Downstairs, they viewed the collection with works from 1900 to 1945 is titled The Art of Society, featuring a variety of perspectives on the erratic transition of art styles, including Expressionism, Cubism, Surrealism, Dada and New Objectivity. The exhibition focused on social themes, such as the big city, the German Lebensreform (life and reform) movement, politics and propaganda, exile, and war. The exhibition presented about 250 works of Classical Modernism by artists including Otto Dix, Hannah Höch, Ernst Ludwig Kirchner, Lotte Laserstein and Renée Sintenis. Works by internationally active women artists have been included via loans, such as Hilma af Klint or Irma Stern. Two films by artists Julian Rosefeldt and Javier Téllez provided a contemporary critique of modernism.
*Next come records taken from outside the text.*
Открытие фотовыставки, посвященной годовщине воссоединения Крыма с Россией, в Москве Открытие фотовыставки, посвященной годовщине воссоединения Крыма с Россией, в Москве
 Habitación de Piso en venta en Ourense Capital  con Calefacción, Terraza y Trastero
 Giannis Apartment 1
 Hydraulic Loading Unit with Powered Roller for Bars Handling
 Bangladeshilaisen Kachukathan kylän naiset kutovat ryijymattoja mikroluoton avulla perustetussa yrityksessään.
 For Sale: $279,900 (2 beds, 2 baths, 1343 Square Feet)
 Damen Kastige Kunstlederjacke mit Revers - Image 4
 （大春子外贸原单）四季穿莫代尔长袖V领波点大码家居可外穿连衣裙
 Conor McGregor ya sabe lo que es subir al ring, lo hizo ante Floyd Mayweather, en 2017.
In the afternoon, they took a tour of Katharina Grosse’s completely new body of work on canvas from the past year, Spectrum without Traces, at Galerie Max Hetzler. She limited her palette to six colors, which were sprayed unmixed onto the canvases. Multiple paintings were made simultaneously and belong to the same family, but the way the colors mingle differed per painting.





Students also took a tour through the Reiter Galleries and viewed Ecstatic Echoes, featuring contemporary artists, Kyra Tabea Balderer and Ellen Möckel. Media translation processes are essential means of their work and both are interested in the interrelations between creatively intended procedures and (sometimes only limited controllable) influences of reproduction technology or machinery. From this point on, however, two very different works develop, which the joint show sets in relation to each other.







To wrap up the day, grads visited Galerie Judin to see the exhibition, My Eyes See Only What’s Not in Front of Me, by artist Ellen Akimoto. Akimoto’s paintings mostly show interiors and people. Mysterious narratives unfold in them, eluding straightforward readings and always remaining enigmatic. It comes as no surprise that the artist draws on photoshopped collages for the larger compositions.